Nature and Shokunin
Last June, I was finally back in France. It was partly holiday, visiting old friends to keep in touch, as well as to catch up with the pulse of the wine world. The idea of the latter is to discover new talents who make truly compelling wines, to curate a portfolio of producers who capture the zeitgeist of progressive handmade wines, whose attitudes and aesthetics create something good beyond themselves, and therefore are culturally significant.
Friends asked if I was on the path of seeking out natural wines. I was hesitant to answer, because while I am certainly very fond of them, I am reluctant to be bound by the category. I mean, what is natural wine, anyway?
It is a funny question because for some years now, nearly every bottle I have bought for myself falls within this ‘category.’ I struggled with the term not because there is anything disingenuous about the genre. Neither was I wanting to avert confrontation with its detractors — people who have been turned off by a bad experience with a bottle, or with natural wine zealots, or those who take issue with its lack of precise definition. To be clear, I was not ambivalent. I just needed to find the essence of these wines that matters to me, something beyond a physical type, and simple categorisation. I knew it would require deeper reflection and listening to the people who make them.
I managed to visit about twenty addresses in this trip and this time around, I made it a point to take my time with each producer. I never had to chase the next appointment, quite unlike my previous job. Most significantly, this tempo suited me much better.

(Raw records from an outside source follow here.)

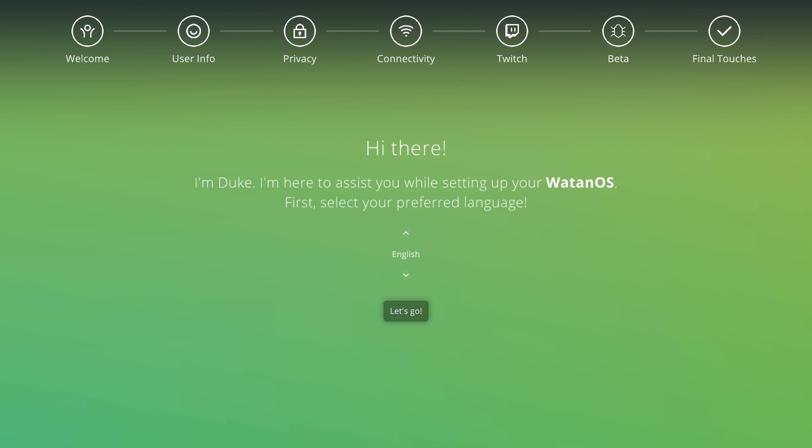Hi there, I'm Duke. I'm here to assist you while setting up your Watan OS. First, select your preferred language.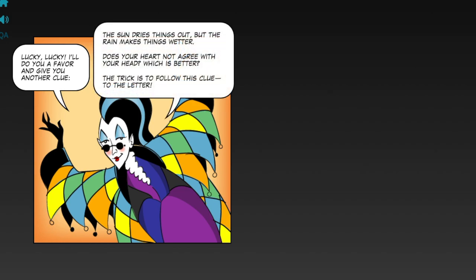The sun dries things out, but the rain makes things wetter. Does your heart not agree with your head? Which is better? The trick is to follow this clue to the letter.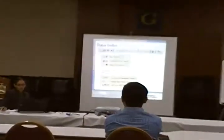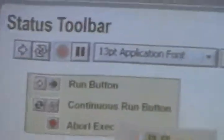So in the front panel, we have the controls. In the block diagram, we have the functions. And in both of them, we have the tools.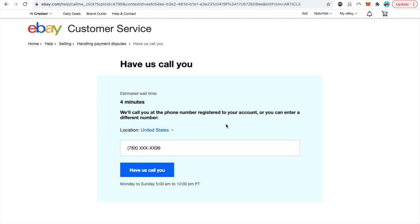Guys this is the best and fastest way to solve a problem within eBay. Just make sure that you get them to call you. In case that you don't see the option to get a call from them right away based on your issue, just do exactly what I did right now with the issue that I explained and then when they pick up the phone just tell them exactly what it is that you need even if it is something different so they can help you solve your problem.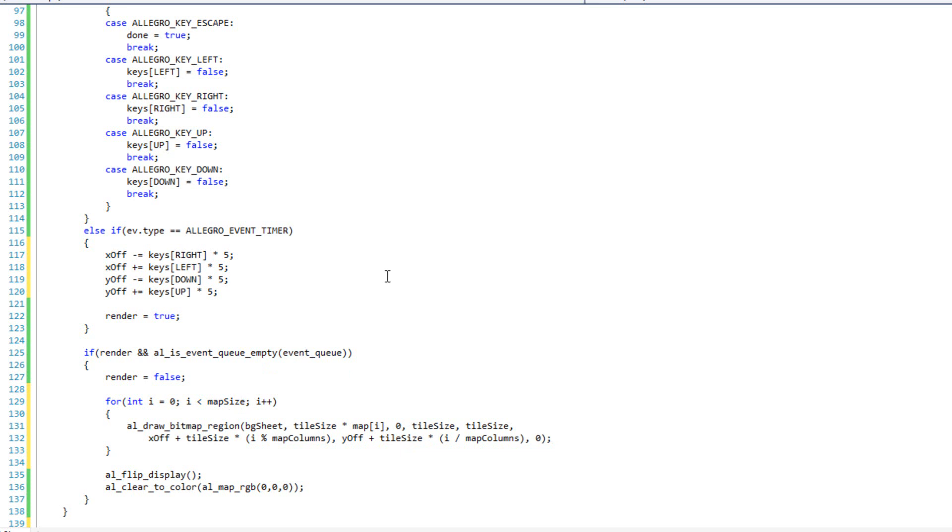And then, we're going to do the same for the y. We're going to say y_off plus tile_size times, this time it's just going to be i divided by map_columns. And then, finally, 0 for our flags. And that's it. And that'll end up sequentially going boom, boom, boom, boom, boom, boom, next line, boom, boom, boom, boom, boom, boom. Drawing all of our tiles in a row.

It was late spring and the weather had turned unseasonably hot in the recent weeks. Every vigneron was spending all their time in the vineyard, so getting in touch during the leading weeks was quite challenging. Yet miraculously they found time — more than I expected — and obliged my request for a visit.
We spent plenty of time among the vines. With great enthusiasm, our hosts explicated the composition of the soil we stood on, recounted how their parents (or masters) trained them husbandry skills, one moment pointing to the little berries on the verge of *veraison*, then to where the vineyard folded into the forest the next, at times interposing with anecdotes of the honeys they would harvest from the neighbouring woods, before contemplating on the specific mineral tone one always gets from the site. Nature seemed like, well, second nature to these people. But the point was made: the air, light, colour and scent of each place are indeed different from one place to the next. Often, it only took a few footsteps to sense the difference.

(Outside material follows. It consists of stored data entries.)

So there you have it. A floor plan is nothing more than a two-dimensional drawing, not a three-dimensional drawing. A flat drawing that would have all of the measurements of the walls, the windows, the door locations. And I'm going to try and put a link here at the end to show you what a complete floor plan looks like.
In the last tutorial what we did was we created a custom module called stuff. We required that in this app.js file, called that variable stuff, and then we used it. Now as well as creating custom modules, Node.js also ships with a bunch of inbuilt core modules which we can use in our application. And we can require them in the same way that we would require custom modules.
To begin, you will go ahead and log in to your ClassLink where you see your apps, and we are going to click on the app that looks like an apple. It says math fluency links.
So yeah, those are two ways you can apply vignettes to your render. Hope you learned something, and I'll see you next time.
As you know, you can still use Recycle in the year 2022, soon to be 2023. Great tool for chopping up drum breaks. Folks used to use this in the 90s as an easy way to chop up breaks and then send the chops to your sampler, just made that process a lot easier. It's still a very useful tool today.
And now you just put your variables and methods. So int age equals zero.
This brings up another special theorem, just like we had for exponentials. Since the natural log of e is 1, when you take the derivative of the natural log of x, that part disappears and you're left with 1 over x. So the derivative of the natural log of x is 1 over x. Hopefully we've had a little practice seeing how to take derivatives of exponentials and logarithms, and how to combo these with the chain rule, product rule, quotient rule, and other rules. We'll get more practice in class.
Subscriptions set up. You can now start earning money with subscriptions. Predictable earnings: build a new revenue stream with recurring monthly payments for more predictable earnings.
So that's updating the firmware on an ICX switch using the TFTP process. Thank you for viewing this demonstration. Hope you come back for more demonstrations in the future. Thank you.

At another domaine, we walked past a room strewn with kid’s toys to walk up to the balcony which overlooked what appeared like a cross between a barn and a hangar behind the house wall, all under construction, destined to be the young couple’s cuverie in the near future. The wife recounted how they wore their neighbour down to sell this next-door property. They were persistent because her husband grew up on the same street as a child; making wine in situ might recapture a slice of personal history in the bottle. As I listened to each quaint story, I caught a glimpse of an extraordinary human spirit. It was humbling and edifying all at once.
The wines were beautiful, of course: fluent, fluid, lucid, luminous, highly peculiar gems. And invariably delicious. I count myself fortunate to have tasted many famous rarities with very special qualities before, and I dare say that these wines were no less distinguished. Exquisitely formed, there is a sense of presence within, all serene, seamless and free.

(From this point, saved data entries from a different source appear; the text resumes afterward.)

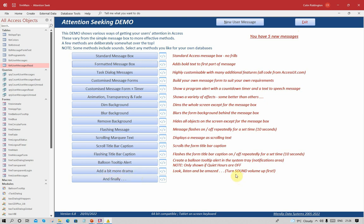There is another item here which I'm not going to cover: add a bit more drama. That includes sound effects, display effects, and it also shows you some of the information you can get from any user's computer without any effort at all. But I'm not going to do that. I'll leave you to download the app if you wish to do so, and you can look at that in your own time.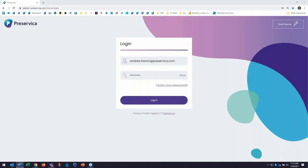All right, so everyone, today we're going to review all the major steps in Starter from login, selecting and ingesting your files, basic arrangement and description, sharing and access, plus reporting tools you can use on day one.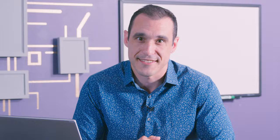And now for our final question, also coming from LinkedIn: what is the dumbest engineering mistake you've made? I'll be honest — I've made my fair share of dumb engineering mistakes. I've put too much power into meters and blown meters. I've put too much power into boards and blown up boards. But probably the dumbest engineering mistake I've made was when I was trying to hook up AC power to a pump.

They came from vines that saw no chemicals. The fermenting yeasts were wild and vinification took place without any additives. Wine geeks will correctly categorise these as natural wine, but I must confess the only thing I thought about in the moment was just how *good* it was. Involuntarily — perhaps even voluntarily — they escaped my technical examination. Of course. Why bother when they were providing such fascination and distinctive pleasure? The natural-conventional wine divide suddenly became moot, even irrelevant.
Each of these wines comes from a distinct geological and cultural ecosystem. Yet as I travelled from one village to the next or hopped to a completely different region, there is one thing that unites them, *Nature*, and along with it a shared devotion to preserve it, as well as the humility to cede control.
There is a Japanese word that perfectly captures these attributes and attitudes: *shokunin* (職人). Loosely translated, shokunin is an artisan, a craftsman. The shokunin spirit refers to a lifetime pursuit of perfection in the craft of making something from what Nature provides. What is rarely understood is that a shokunin’s dedication is also morally and socially conscious. The shokunin is obliged to process Nature’s gift in a way that contributes to the welfare of others, and contrary to the popular image of an artist working solo, a shokunin belongs to a community of fellow craftsmen. The work they do is not self-centred: it is altruistic and communal.
Like their counterparts in various disciplines in Japan, the wine growers I met have a profound understanding that what Nature gives is unique, beautiful and time-bound. Their common response is to gently shape the outcome of their work so that it will be identifiable, complimentary and as nourishing as Nature intends.
This code underlies the sustainability philosophy and low-intervention cellar practices of the naturalists I have met. And this ‘definition’, corroborated by the quality of the wines they produce, is something I am happy to work with.